◆ Your instructions
Under this line are the records; write out word for word the part that begins at the line containing "Unique Baby Girls'" and ends at the line containing "Barum BAR28136 Диск", and no more.

◆ Short descriptive text snippets
*** Block opens ***

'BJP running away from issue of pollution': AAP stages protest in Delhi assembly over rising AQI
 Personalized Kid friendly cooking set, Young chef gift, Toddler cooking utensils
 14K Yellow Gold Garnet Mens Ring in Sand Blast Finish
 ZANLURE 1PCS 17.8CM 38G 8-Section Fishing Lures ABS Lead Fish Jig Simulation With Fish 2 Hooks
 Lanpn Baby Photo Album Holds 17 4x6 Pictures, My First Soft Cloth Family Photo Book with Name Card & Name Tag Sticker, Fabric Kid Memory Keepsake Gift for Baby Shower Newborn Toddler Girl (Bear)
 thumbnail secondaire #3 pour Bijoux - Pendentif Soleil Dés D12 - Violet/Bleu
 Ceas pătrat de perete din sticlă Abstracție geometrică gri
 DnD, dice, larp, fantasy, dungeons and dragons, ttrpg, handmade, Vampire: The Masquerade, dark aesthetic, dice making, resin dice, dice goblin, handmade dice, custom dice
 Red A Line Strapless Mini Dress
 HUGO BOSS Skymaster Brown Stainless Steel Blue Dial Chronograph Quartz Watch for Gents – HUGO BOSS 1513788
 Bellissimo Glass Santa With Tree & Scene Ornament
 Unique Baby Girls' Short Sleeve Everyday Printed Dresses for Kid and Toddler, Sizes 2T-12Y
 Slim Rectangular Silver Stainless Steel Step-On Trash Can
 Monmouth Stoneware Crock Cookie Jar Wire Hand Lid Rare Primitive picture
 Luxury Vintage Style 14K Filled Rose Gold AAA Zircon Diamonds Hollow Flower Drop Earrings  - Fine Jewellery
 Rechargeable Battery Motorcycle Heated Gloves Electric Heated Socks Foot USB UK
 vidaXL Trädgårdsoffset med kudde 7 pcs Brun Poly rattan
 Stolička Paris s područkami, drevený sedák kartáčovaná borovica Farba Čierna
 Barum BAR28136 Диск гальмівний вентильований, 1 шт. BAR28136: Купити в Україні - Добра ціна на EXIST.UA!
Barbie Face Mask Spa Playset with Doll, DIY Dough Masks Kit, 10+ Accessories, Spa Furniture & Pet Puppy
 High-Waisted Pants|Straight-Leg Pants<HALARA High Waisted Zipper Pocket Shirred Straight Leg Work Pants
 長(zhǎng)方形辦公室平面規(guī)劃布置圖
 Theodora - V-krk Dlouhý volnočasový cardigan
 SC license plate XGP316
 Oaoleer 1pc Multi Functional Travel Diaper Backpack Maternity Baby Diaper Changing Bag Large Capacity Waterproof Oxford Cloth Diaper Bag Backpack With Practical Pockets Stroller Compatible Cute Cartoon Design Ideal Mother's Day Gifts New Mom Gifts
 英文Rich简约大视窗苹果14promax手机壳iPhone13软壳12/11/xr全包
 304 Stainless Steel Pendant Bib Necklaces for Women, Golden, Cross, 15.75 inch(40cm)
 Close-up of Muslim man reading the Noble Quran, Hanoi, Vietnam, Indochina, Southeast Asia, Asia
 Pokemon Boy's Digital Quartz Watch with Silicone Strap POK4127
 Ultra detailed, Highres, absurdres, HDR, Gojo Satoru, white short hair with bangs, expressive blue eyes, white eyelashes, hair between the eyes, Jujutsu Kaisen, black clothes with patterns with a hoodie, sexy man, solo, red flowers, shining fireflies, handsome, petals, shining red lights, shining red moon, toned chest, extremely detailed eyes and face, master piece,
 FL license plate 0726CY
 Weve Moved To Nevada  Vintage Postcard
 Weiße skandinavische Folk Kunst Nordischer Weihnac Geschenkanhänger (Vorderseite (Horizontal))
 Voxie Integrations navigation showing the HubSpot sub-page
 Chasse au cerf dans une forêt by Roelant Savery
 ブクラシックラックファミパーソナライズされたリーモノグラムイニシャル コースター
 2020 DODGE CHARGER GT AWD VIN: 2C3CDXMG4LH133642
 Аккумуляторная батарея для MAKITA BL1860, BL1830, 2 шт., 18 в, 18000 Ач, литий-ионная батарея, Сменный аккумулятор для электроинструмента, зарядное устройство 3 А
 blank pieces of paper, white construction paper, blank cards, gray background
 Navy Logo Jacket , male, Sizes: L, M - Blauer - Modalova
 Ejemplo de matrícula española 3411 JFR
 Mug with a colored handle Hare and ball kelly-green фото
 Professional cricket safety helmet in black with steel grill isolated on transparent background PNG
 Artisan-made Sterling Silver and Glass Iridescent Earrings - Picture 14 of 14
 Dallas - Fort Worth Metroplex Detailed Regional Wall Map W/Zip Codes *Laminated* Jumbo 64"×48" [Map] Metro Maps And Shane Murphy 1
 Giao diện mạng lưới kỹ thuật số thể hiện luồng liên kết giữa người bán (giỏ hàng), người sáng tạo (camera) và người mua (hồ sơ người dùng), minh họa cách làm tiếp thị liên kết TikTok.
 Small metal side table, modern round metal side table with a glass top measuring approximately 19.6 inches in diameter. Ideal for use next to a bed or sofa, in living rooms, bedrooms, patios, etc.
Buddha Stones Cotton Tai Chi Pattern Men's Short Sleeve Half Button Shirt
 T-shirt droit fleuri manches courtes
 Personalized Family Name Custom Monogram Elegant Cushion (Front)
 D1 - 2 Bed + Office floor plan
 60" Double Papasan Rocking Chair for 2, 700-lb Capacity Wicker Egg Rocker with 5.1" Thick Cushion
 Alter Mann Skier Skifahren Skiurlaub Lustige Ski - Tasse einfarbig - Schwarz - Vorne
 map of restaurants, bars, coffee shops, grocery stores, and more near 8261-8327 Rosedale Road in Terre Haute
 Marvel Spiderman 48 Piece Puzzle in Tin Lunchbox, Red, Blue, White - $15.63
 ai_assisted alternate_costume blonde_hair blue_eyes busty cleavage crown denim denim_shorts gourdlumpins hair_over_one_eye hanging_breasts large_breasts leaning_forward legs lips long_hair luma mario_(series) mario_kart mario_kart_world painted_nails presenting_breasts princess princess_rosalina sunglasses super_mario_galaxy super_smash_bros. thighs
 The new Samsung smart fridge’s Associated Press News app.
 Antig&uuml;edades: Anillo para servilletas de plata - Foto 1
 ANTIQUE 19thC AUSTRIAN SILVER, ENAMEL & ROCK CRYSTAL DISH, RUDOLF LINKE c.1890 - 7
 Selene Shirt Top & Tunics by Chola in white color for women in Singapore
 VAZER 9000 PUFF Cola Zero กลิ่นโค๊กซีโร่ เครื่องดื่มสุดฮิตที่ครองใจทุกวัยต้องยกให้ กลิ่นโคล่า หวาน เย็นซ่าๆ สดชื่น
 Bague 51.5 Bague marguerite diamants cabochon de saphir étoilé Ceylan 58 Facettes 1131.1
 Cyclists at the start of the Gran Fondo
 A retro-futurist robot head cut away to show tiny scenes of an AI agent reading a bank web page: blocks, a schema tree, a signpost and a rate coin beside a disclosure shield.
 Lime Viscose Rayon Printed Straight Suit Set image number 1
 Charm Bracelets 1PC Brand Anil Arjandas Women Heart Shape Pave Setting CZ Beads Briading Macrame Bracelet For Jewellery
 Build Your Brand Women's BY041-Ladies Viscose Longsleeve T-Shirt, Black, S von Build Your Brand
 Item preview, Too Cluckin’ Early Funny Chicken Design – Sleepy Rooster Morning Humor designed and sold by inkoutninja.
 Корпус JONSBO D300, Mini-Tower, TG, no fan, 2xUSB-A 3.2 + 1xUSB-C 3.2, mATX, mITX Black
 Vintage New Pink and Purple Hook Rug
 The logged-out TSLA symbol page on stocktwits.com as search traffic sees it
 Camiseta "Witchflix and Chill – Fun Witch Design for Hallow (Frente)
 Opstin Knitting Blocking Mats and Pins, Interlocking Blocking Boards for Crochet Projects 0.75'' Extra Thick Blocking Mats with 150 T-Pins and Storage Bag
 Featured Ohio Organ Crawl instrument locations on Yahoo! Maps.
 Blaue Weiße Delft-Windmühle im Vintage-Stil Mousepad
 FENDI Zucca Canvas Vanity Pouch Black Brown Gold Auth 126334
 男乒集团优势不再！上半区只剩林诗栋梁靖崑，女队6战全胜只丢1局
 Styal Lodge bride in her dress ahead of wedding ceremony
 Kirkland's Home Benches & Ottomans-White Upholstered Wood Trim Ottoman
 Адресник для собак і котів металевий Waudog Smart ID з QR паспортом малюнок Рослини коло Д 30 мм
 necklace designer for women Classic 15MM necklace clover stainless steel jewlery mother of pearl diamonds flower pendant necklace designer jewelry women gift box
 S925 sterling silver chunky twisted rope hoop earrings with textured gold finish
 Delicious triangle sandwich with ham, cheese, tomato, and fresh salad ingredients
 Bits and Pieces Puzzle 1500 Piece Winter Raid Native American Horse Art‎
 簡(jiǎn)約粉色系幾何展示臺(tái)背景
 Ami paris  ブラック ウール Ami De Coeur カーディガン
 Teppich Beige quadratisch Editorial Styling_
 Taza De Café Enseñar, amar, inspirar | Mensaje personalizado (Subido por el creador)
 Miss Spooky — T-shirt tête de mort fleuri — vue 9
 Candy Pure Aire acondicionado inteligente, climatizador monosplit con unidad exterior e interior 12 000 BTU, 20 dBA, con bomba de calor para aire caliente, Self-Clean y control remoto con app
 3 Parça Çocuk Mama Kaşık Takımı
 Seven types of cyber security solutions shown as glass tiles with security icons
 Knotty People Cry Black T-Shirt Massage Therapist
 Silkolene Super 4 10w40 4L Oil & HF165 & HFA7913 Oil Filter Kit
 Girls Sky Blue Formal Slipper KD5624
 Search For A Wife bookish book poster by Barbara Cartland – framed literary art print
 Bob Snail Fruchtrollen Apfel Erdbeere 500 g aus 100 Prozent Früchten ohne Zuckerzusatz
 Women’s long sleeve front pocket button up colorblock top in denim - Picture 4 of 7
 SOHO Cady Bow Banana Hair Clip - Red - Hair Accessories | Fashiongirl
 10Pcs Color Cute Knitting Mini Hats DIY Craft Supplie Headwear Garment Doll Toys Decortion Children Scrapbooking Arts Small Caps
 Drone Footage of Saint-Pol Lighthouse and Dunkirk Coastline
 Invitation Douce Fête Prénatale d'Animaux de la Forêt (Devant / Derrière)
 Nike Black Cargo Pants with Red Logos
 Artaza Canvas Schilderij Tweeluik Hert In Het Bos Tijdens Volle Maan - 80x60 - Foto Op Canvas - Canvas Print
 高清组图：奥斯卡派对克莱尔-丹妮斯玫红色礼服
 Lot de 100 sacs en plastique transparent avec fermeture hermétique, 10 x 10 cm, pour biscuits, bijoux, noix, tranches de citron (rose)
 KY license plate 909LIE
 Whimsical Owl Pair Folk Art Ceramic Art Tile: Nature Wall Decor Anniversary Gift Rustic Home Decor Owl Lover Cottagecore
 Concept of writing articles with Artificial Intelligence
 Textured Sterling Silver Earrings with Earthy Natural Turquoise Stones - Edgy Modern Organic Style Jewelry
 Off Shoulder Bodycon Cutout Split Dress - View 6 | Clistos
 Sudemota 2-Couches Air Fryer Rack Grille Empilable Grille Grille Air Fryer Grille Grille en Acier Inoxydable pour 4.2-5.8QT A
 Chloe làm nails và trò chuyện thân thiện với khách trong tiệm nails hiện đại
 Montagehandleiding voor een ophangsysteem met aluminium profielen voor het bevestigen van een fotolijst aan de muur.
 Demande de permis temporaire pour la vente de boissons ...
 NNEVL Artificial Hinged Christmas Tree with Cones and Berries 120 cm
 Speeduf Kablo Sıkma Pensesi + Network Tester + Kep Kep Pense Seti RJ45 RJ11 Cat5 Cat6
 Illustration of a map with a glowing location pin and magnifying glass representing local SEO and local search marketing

*** Block closes ***

◆ Finished exercise
 Unique Baby Girls' Short Sleeve Everyday Printed Dresses for Kid and Toddler, Sizes 2T-12Y
 Slim Rectangular Silver Stainless Steel Step-On Trash Can
 Monmouth Stoneware Crock Cookie Jar Wire Hand Lid Rare Primitive picture
 Luxury Vintage Style 14K Filled Rose Gold AAA Zircon Diamonds Hollow Flower Drop Earrings  - Fine Jewellery
 Rechargeable Battery Motorcycle Heated Gloves Electric Heated Socks Foot USB UK
 vidaXL Trädgårdsoffset med kudde 7 pcs Brun Poly rattan
 Stolička Paris s područkami, drevený sedák kartáčovaná borovica Farba Čierna
 Barum BAR28136 Диск гальмівний вентильований, 1 шт. BAR28136: Купити в Україні - Добра ціна на EXIST.UA!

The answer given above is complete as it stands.